В пейзажах рассказа — природа только что покинутого Крыма: «В этом месте огненная от заката стрела ущелья лежала на лиловой зелени крутых склонов, льющих девственные дебри свои с полнотой и размахом песни. Отсюда начинали бешеное восхождение знаменитые утесы Органной Горы, овеянные спиралью тропинок, заламывающих головокружительный взлет над поясом облаков».14
Муж и жена, Мистрей и Тави, с одного слова понимают друг друга: «Давно уже разговор Мистрея и Тави стал лишь тем, что видели они, выраженным с тихой страстностью великой любви к чистой и прекрасной земле. "Смотри!" — говорила Тави; затем оба кивали. — "Смотри! — говорил Мистрей. — А там?!" — "Да, да!" — "А там! Смотри!" — Так они ехали и восклицали».15
Любимая фраза Нины и здесь нашла себе место.

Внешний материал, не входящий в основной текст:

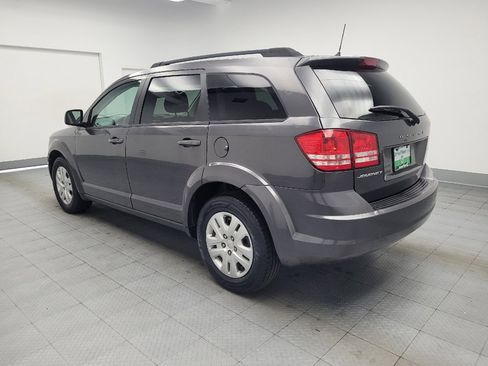 Used 2019 Dodge Journey SE FWD image 5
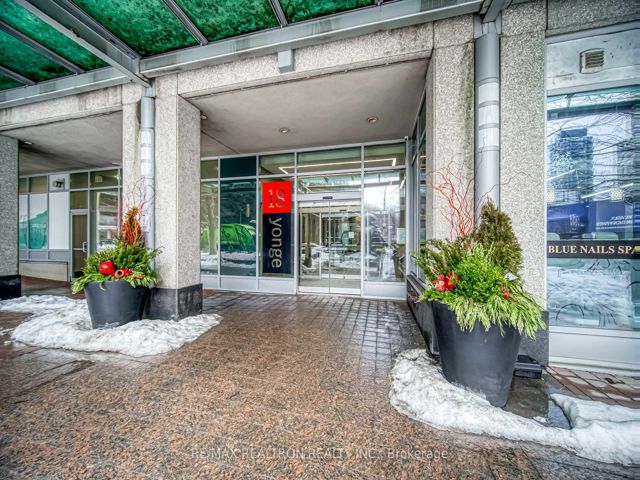 3109 - 18 Yonge St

«"Ничего, что я так сказала?" — повернулась Тави к мужу. Он взглядом успокоил ее».16
В Москве Грин получил корректуру «Блистающего мира» из «Красной нивы» для отдельного издания в «ЗИФе». «Земля и фабрика» — одно из наиболее популярных в те годы издательств страны, редактором его был Владимир Нарбут.17 Деньги по договору Нарбут пообещал перевести в Петроград.
Через неделю, закончив дела, Грины уехали домой.
Примечания
1. Твой брат А.С. Гриневский». — Газ. «Кировская правда», 7 декабря 1971 г.
2. ...линейка. — Здесь: многоместный открытый экипаж, в котором сидят боком к направлению движения.
3. ...и его окрестностям». — РГАЛИ. Ф. 127.
4. Жара, всё цветет». — РГАЛИ. Ф. 127. Оп. 1. Ед. хр. 193.
5. ...о стену головой...» — Грин А. Собр. соч. 1965. Т. 6. С. 350.
6. ...на долгие годы». — Грин А. Собр. соч. 1965. Т. 3. С. 105.
7. ...остались навсегда»... — РГАЛИ. Ф. 127.
8. ...расколотое яблоко». — Там же.
9. ...в "Бегущей по волнам"». — Там же.
10. ...Виноградная, 14, Сахаровы. — Ныне ул. Чехова. (Примеч. автора).
11. ...второй ультиматум лорда Керзона. — Меморандум английского правительства советскому правительству с целью ослабить международные позиции СССР. Отвергнут советским правительством.
12. ...альманаха «Шиповник»... — Имеются в виду литературно-художественные альманахи издательства «Шиповник» (1907—1917 гг.).
13. ...отзвук нашего путешествия». — РГАЛИ. Ф. 127.
14. ...над поясом облаков». — Грин А. Собр. соч. 1965. Т. 5. С. 275.
15. ...ехали и восклицали». — Там же.
16. ...успокоил ее». — Там же. С. 278.
17. ...редактором его был Владимир Нарбут. — «Земля и Фабрика» («ЗИФ») — советское государственное издательское общество (1922—1930), выпускавшее оригинальную и переводную беллетристику и литературно-критические издания. 1 октября 1930 г. влилось в Государственное издательство художественной литературы.